3. You’ll get a 360-degree view of London: To get a 360 view of London’s skyline simply walk inside all around the glass building.

4. Hope the weather cooperates: You get the best London views from the Sky Garden outdoor terrace. However, this is open only if the weather is good and not rainy (which is any day in London!). Also, even if the terrace is open, if the sky is overcast much of London might be covered by clouds.

5. Perfect for a date: The Sky Garden is a classy place to get someone special. You can find yourself a quiet nook and sit with a cocktail looking over the London skyline.

6. There is no dress code: The Sky Garden doesn’t require a special dress code for entry. If you plan on having dinner or lunch though some restaurants and bars are a little stricter. Check before heading over for your meal.

7. Live music: If you visit Sky Garden between Wednesday and Saturday, you can enjoy live music at night. It is quite an experience to sit 155m above the city, sipping on a drink and enjoying the music.

8. Perennial blooms: Sky Garden is an indoor habitat, and this means flowers and trees can be kept in bloom all year round. Whatever the season or weather outside, the garden does not disappoint.

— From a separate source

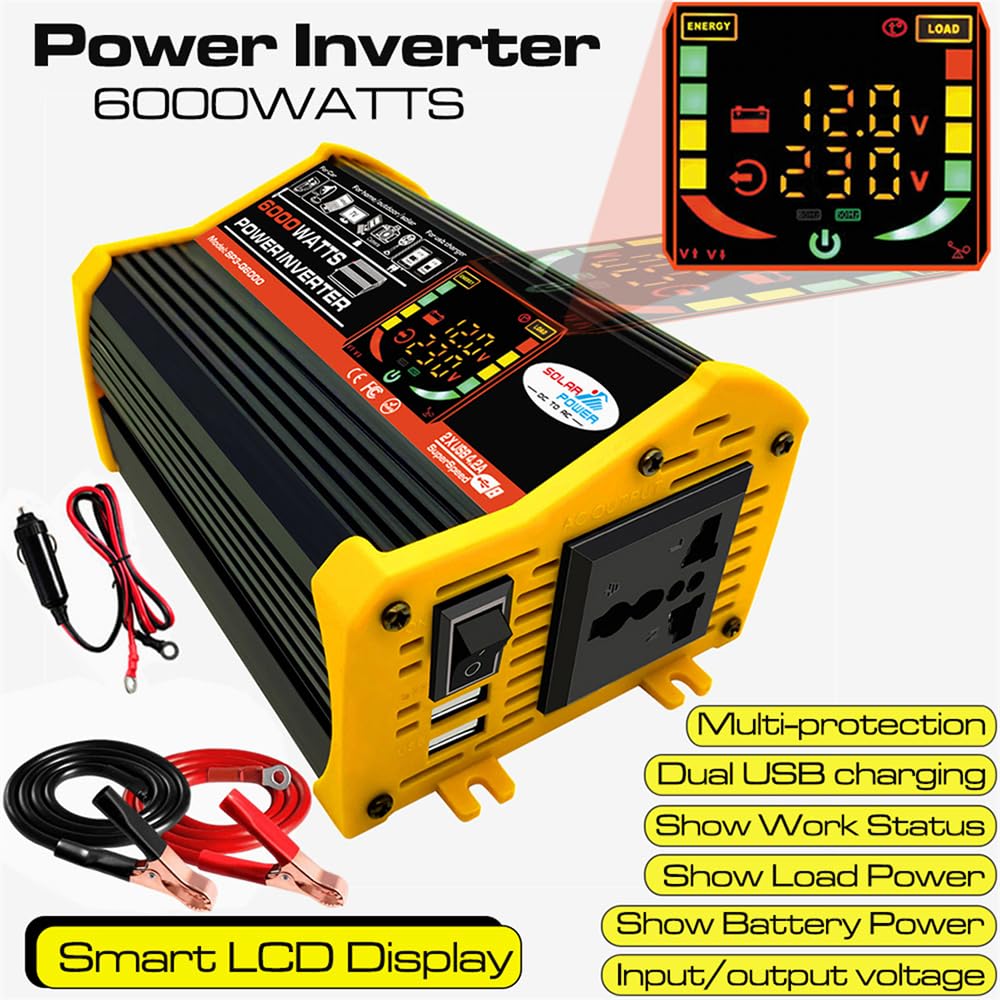 Panneau Solaire Double USB de 25 W + onduleur de Courant 6000 W DC 12 V à CA 110 V avec écran LCD Intelligent, Ports de Chargeur USB Doubles contrôleur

9. Plan your sunset visit: The Sky Garden is a great place to see the sunset. However, when you book your ticket please keep in mind the date you are visiting and check beforehand the time of the sunset in London on that date. Your visit time might be too early or too late for the sunset on that particular day. Use an online tool to tell you the time of the sunset in advance to avoid being disappointed.